One was that the unfortunate Hewitt had a deep gash across the jugular, which the triumphant doctor instantly identified as having been made with a sharp steel edge like a razor. The other was that immediately under the bank lay littered three shining scraps of steel, each nearly a foot long, one pointed and another fitted into a gorgeously jeweled hilt or handle. It was evidently a sort of long Oriental knife, long enough to be called a sword, but with a curious wavy edge; and there was a touch or two of blood on the point.
"I should have expected more blood, hardly on the point," observed Doctor Prince, thoughtfully, "but this is certainly the instrument. The slash was certainly made with a weapon shaped like this, and probably the slashing of the pocket as well. I suppose the brute threw in the statue, by way of giving him a public funeral."March did not answer; he was mesmerized by the strange stones that glittered on the strange sword hi
<and their possible significance was broadening upon him like a dreadful dawn. It was a curious Asiatic weapon. He knew what name was connected in his memory with curious Asiatic weapons. Lord James spoke his secret thought for him, and yet it startled him like an irrelevance.

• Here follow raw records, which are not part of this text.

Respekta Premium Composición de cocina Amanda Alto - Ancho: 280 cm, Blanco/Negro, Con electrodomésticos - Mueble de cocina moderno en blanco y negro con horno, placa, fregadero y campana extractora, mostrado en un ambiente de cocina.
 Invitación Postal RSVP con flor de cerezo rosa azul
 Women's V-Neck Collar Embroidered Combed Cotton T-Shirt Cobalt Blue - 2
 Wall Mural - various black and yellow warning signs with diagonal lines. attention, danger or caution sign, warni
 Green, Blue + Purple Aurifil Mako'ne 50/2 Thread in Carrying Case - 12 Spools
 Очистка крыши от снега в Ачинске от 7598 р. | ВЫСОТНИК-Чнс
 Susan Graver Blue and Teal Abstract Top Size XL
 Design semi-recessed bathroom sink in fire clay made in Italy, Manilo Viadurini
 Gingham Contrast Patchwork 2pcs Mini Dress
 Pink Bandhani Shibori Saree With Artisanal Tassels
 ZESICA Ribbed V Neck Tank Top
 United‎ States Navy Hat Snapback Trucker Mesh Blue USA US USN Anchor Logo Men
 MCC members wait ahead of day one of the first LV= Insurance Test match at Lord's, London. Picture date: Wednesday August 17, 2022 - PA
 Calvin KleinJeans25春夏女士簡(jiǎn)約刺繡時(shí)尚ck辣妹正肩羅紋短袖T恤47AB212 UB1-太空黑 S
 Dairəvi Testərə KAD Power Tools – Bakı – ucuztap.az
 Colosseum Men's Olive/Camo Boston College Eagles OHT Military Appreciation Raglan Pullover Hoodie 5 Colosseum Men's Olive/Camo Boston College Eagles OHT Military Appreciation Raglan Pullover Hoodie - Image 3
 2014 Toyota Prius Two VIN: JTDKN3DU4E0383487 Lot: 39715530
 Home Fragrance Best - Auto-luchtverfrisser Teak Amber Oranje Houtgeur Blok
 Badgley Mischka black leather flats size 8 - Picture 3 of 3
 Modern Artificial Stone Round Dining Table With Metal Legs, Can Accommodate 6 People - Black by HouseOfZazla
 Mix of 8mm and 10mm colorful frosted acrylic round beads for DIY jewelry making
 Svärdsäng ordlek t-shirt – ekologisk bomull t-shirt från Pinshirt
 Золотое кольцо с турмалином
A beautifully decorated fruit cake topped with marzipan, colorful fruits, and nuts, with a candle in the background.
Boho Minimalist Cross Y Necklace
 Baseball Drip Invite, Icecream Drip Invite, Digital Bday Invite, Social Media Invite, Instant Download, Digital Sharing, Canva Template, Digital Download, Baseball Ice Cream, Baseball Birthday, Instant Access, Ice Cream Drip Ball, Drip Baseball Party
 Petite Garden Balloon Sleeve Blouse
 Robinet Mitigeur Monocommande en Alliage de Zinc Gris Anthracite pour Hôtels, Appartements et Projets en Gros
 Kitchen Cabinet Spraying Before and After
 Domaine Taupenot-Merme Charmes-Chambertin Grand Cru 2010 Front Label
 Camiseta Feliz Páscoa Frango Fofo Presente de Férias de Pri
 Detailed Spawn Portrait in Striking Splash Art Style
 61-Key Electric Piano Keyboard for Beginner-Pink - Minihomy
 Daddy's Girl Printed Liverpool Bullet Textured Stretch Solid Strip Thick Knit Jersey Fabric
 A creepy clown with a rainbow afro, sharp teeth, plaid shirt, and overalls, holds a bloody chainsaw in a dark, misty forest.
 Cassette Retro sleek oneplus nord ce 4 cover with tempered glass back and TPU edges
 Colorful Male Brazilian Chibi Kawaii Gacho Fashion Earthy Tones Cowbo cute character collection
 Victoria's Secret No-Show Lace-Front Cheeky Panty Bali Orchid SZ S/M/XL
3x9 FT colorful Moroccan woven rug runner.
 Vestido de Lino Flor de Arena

"Where is the Prime Minister?" Herries had cried, suddenly, and somehow like the bark of a dog at some discovery.
Doctor Prince turned on him his goggles and his grim face; and it was grimmer than ever.
"I cannot find him anywhere," he said. "I looked for him at once, as soon as I found the papers were gone. That servant of yours, Campbell, made a most efficient search, but there are no traces."There was a long silence, at the end of which Herries uttered another cry, but upon an entirely new note.
"Well, you needn't look for him any longer," he said, "for here he comes, along with your friend Fisher. They look as if they'd been for a little walking tour."The two figures approaching up the path were indeed those of Fisher, splashed with the mire of travel and carrying a scratch like that of a bramble across one side of his bald forehead, and of the great and gray-haired statesman who looked like a baby and was interested in Eastern swords and swordmanship. But beyond this bodily recognition, March could make neither head nor tail of their presence or demeanor, which seemed to give a final touch of nonsense to the whole nightmare. The more closely he watched them, as they stood listening to the revelations of the detective, the more puzzled he was by their attitude--Fisher seemed grieved by the death of his uncle, but hardly shocked at it; the older man seemed almost openly thinking about something else, and neither had anything to suggest about a further pursuit of the fugitive spy and murderer, in spite of the prodigious importance of the documents he had stolen. When the detective had gone off to busy himself with that department of the business, to telephone and write his report, when Herries had gone back, probably to the brandy bottle, and the Prime Minister had blandly sauntered away toward a comfortable armchair in another part of the garden, Horne Fisher spoke directly to Harold March.
"My friend," he said, "I want you to come with me at once; there is no one else I can trust so much as that. The journey will take us most of the day, and the chief business cannot be done till nightfall. So we can talk things over thoroughly on the way. But I want you to be with me; for I rather think it is my hour."March and Fisher both had motor bicycles; and the first half of their day's journey consisted in coasting eastward amid the unconversational noise of those uncomfortable engines. But when they came out beyond Canterbury into the flats of eastern Kent, Fisher stopped at a pleasant little public house beside a sleepy stream; and they sat down to cat and to drink and to speak almost for the first time. It was a brilliant afternoon, birds were singing in the wood behind, and the sun shone full on their ale bench and table; but the face of Fisher in the strong sunlight had a gravity never seen on it before.